GIVEN INFORMATION:
##############################

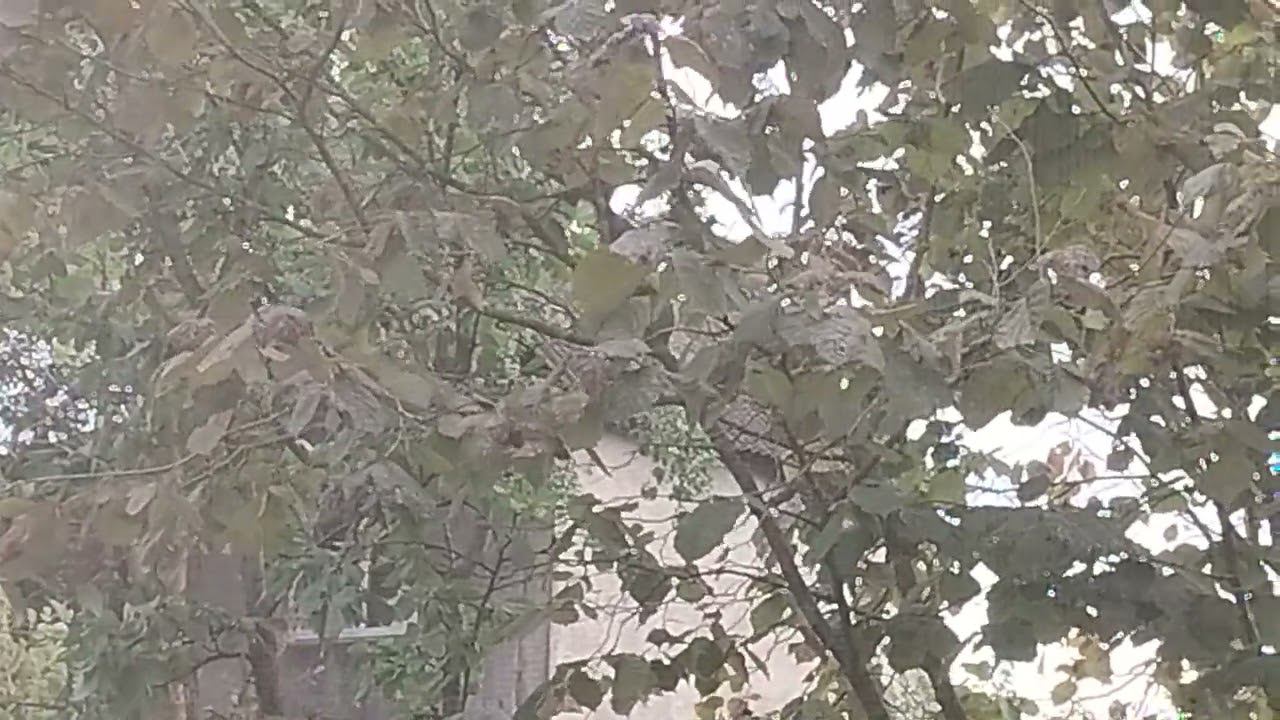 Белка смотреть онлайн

##############################

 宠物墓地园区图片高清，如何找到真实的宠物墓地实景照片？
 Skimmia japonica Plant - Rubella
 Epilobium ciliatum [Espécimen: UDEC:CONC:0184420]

##############################

YOUR INSTRUCTIONS:
Could you return exactly the stretch of the data above that starts at the line with "Skimmia japonica Plant - Rubella" and ends at the line with "Epilobium ciliatum [Espécimen: UDEC:CONC:0184420]", both lines included?

OUTPUT BELOW:
 Skimmia japonica Plant - Rubella
 Epilobium ciliatum [Espécimen: UDEC:CONC:0184420]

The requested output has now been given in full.